I can’t believe that it used to take years and years of real-time school to become a doctor. I slip the jack with the red cross on the dust-cover into the plug at the base of my skull. Just like that, I’m a surgeon, which is good news for my friend currently trying to breathe around the hot shrapnel sticking through his lung.

We’re beneath the firing level in a crater in a no-person’s-land between the forces. I find it ironic that huddling there in the mud with bone-shattering explosions happening around us, I could probably speak to a soldier from World War I and we’d know exactly what each other went through.

Maybe I’ll get my chance sooner than I think.

My friend’s wild eyes are looking at me with a silent scream as I get to work.

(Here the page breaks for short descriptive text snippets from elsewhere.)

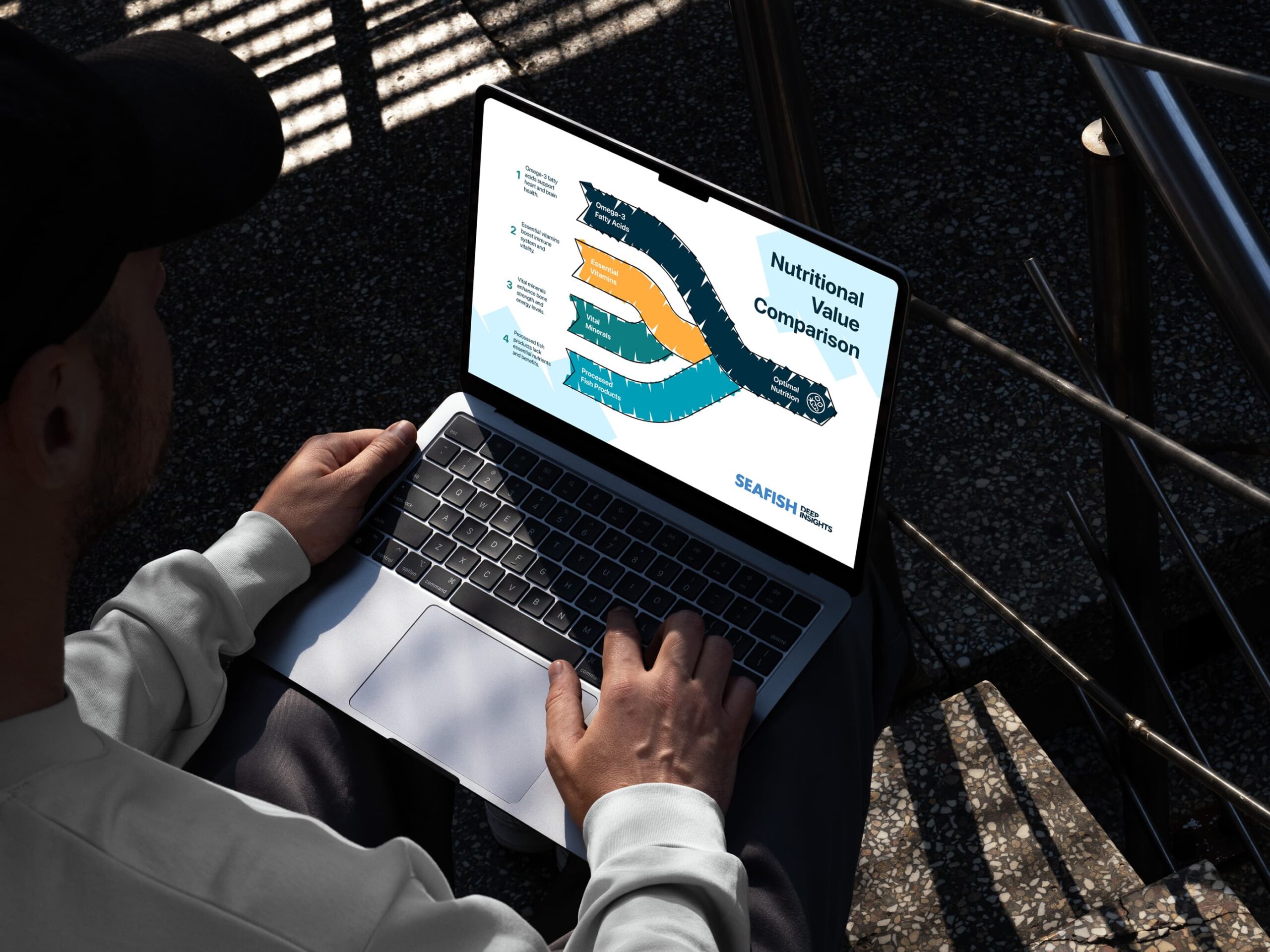 Diagram on a laptop showing the nutritional value of fish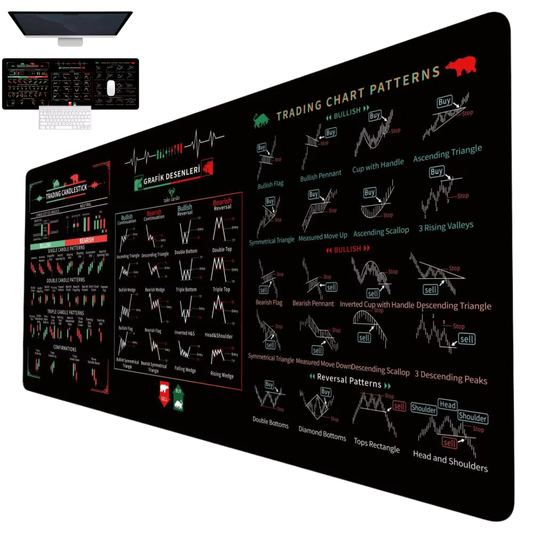 MousePad con atajos de Trading
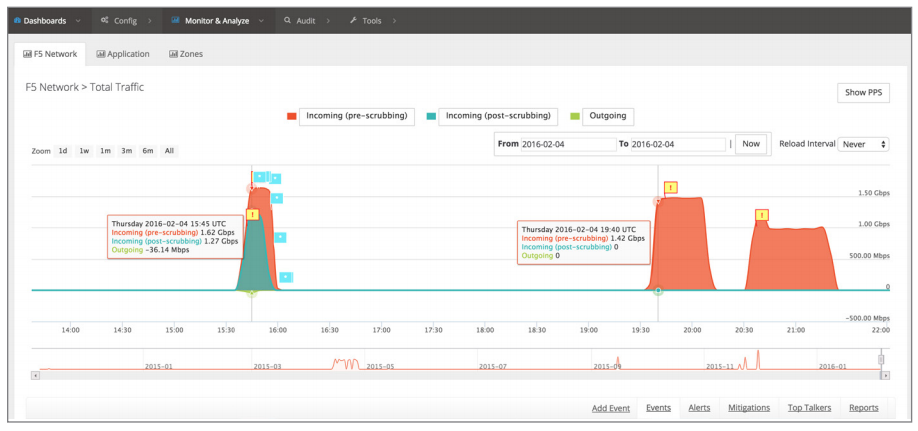 Use the F5 customer portal to inspect attack mitigation design, configure and provision deployment preferences, and view attack events and communications.
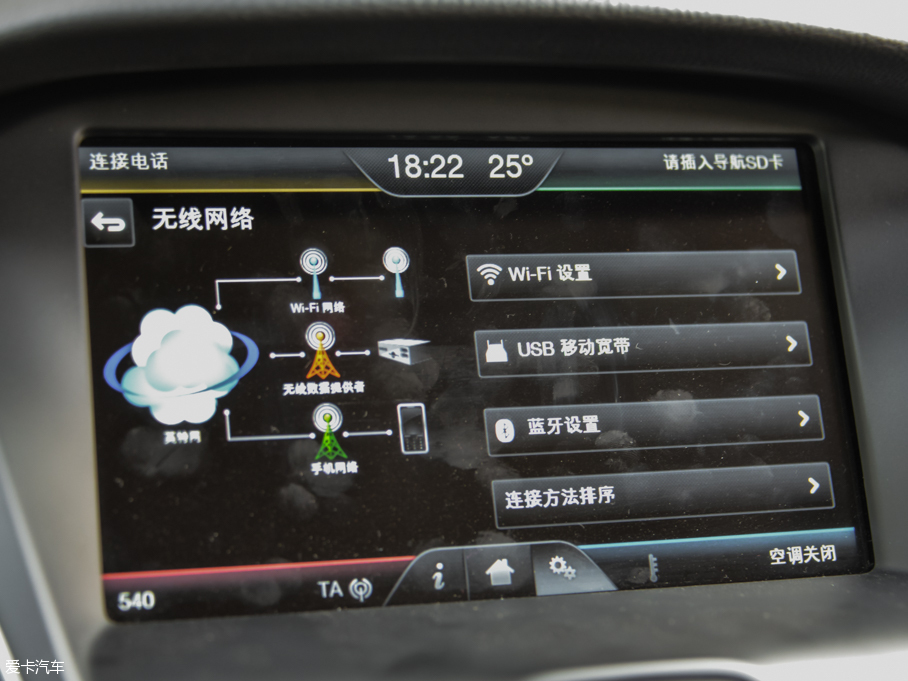 2015˹ Ɏ EcoBoost 180 Ԅ\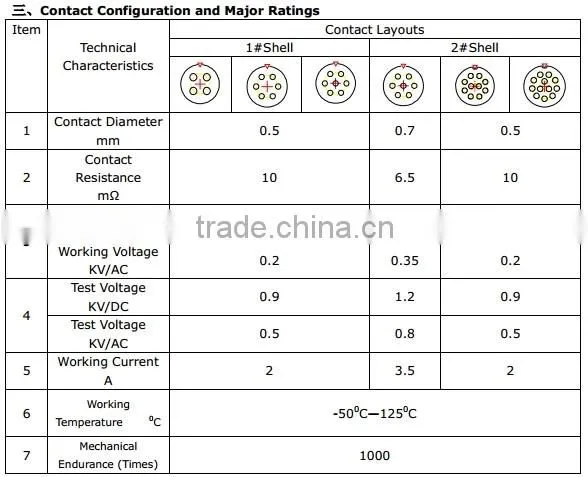 CNT13 Minitype Metal Push-Pull Electrical Connector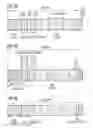 Fig. 03 - Method and apparatus for channel reservation window in unlicensed band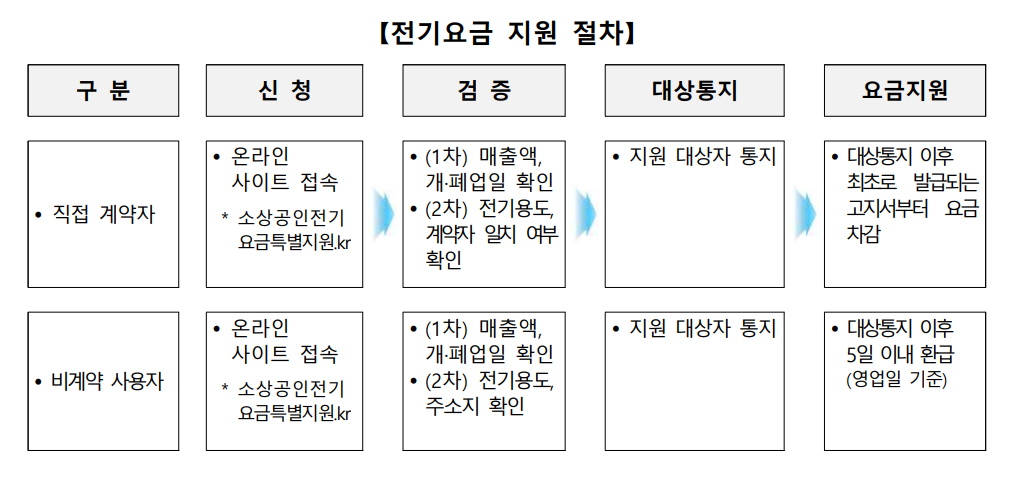 소상공인 전기세 지원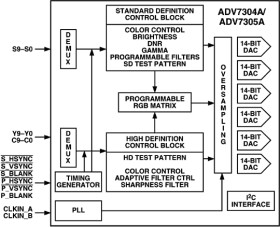 14-Bit 108 MHz Video Encoder with NSV™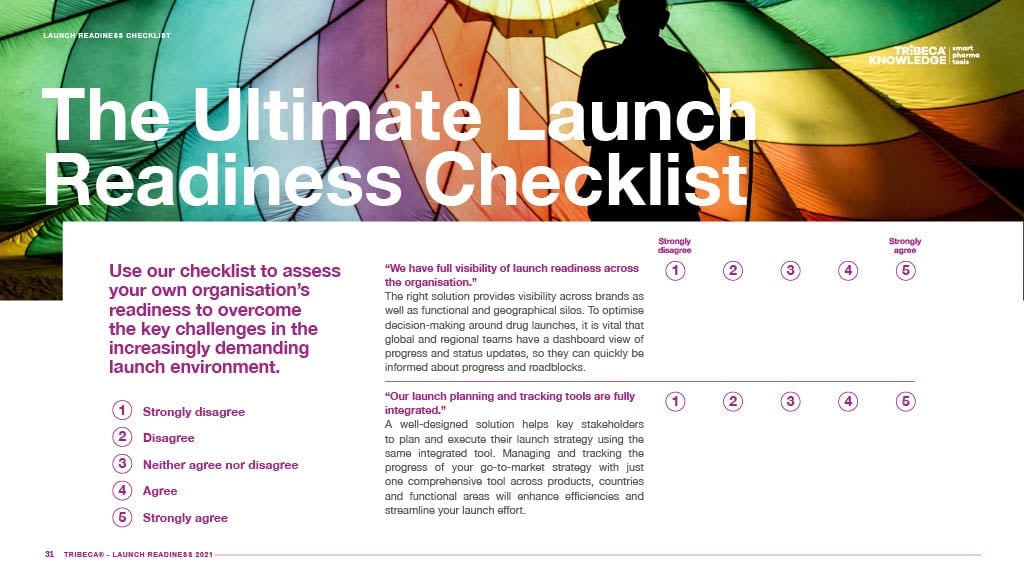 TRiBECA Launch Readiness 2021_final_Checklist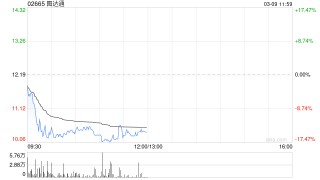 图达通获纳入沪港通及深港通下港股通标的证券名单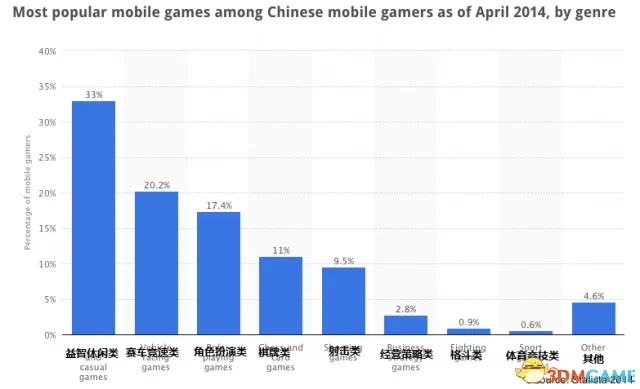 中国战力爆表!揭秘为何老外不敢挑战这款游戏! 中国战力爆表!揭秘为何老外不敢挑战这款游戏!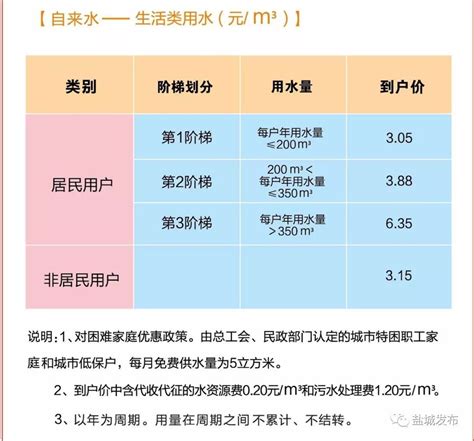 上海发布市属区域居民用户水价调整方案，听证会将于8月31日召开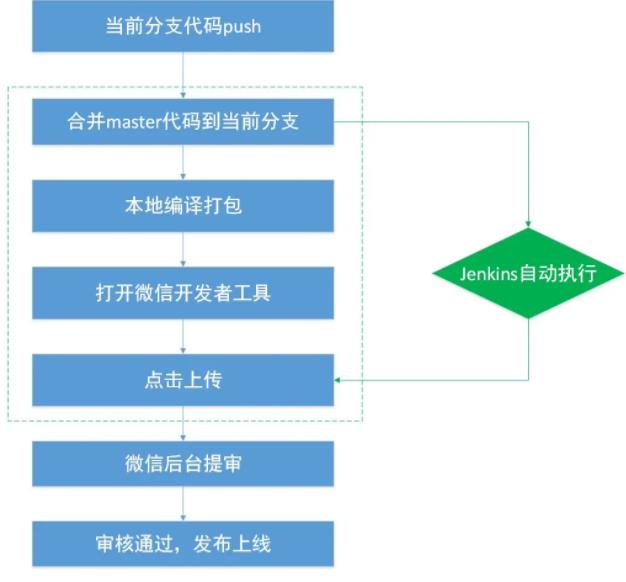 微信小程序怎么绕审，一个错误的观念与合法的开发路径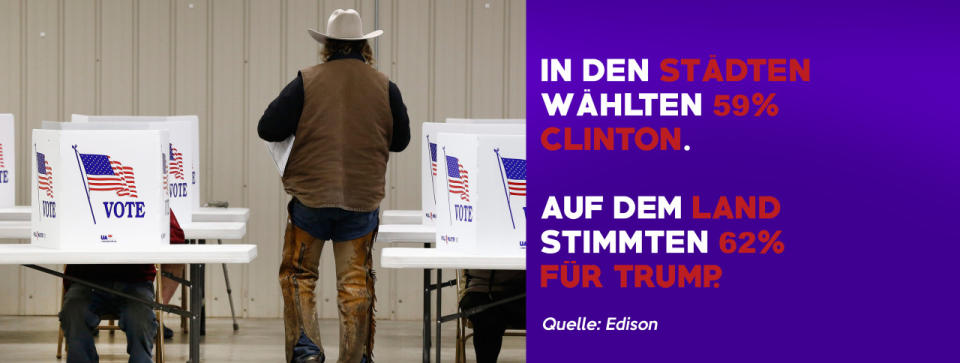 Die US-Wahl in Zahlen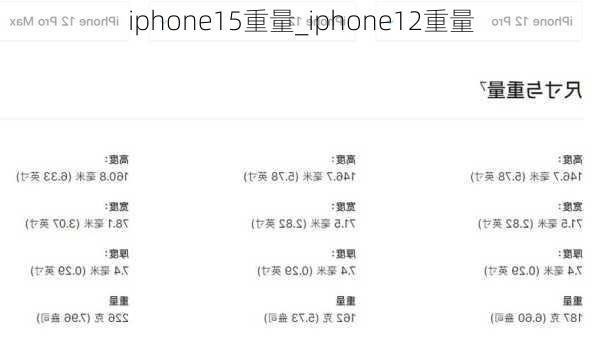 iphone15重量_iphone12重量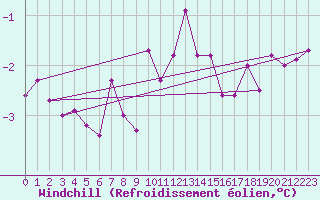 Courbe du refroidissement olien pour Pakri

Every soldier on the force has seven spikes. Medic, Sniper, Engineer, Strategy Officer, Languages, Scout, and Beserker. We keep them in an arm band. They’re used when they’re called for.

This way each man can play whatever role necessary in the changing tides of infantry ground battle. It hasn’t alleviated the chaos.

They people up top keep trying to take the disorder out of war and failing.

I remember that up the line, a battalion of troops all jammed their Berserker chips in at the same time to try to freak out the enemy with a suicide run at their guns in the hopes that a few of them would get through. They didn’t even make it out of the trench. They tore each other apart.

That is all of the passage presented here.